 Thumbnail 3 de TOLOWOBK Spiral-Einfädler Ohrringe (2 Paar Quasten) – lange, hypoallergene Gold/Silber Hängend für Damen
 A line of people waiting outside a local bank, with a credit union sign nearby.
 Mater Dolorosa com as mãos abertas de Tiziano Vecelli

========

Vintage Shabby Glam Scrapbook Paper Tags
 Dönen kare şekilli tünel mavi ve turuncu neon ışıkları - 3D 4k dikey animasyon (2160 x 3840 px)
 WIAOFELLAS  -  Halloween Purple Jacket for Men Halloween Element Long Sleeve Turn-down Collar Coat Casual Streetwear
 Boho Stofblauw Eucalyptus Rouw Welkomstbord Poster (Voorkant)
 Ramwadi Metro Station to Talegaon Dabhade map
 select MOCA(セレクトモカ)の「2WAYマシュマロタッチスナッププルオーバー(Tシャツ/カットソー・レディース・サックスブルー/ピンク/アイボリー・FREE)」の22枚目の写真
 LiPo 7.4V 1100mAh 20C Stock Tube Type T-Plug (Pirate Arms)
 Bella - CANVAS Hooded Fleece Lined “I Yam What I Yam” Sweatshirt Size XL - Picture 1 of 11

========

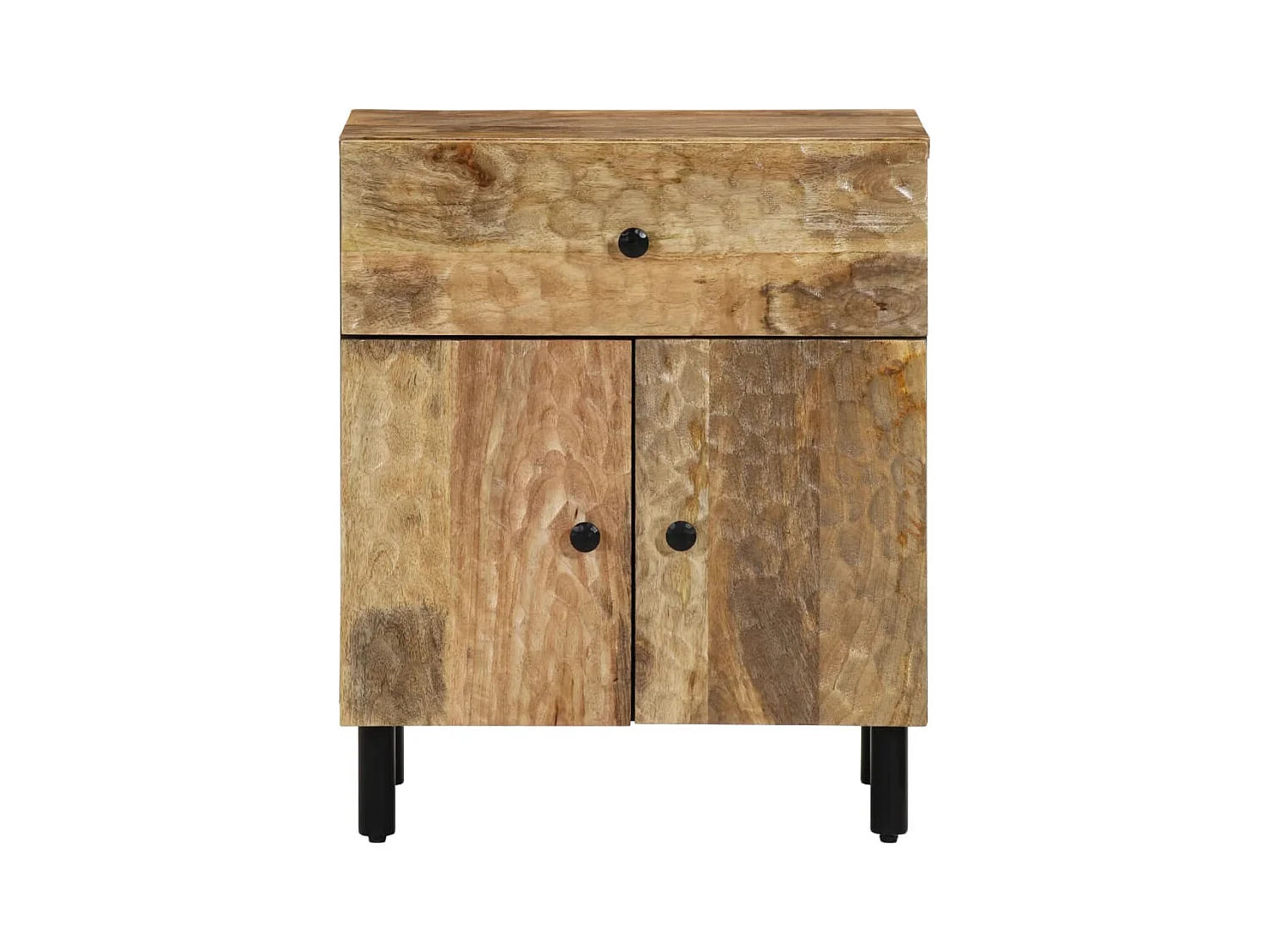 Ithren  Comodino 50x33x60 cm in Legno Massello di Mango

========

--- PROBLEM DESCRIPTION ---
Retype exactly, and only, the lines above from the one where "Thumbnail 3 de" occurs up to and including the one where "Mater Dolorosa com" occurs.

--- COMPLETED EXERCISE ---
 Thumbnail 3 de TOLOWOBK Spiral-Einfädler Ohrringe (2 Paar Quasten) – lange, hypoallergene Gold/Silber Hängend für Damen
 A line of people waiting outside a local bank, with a credit union sign nearby.
 Mater Dolorosa com as mãos abertas de Tiziano Vecelli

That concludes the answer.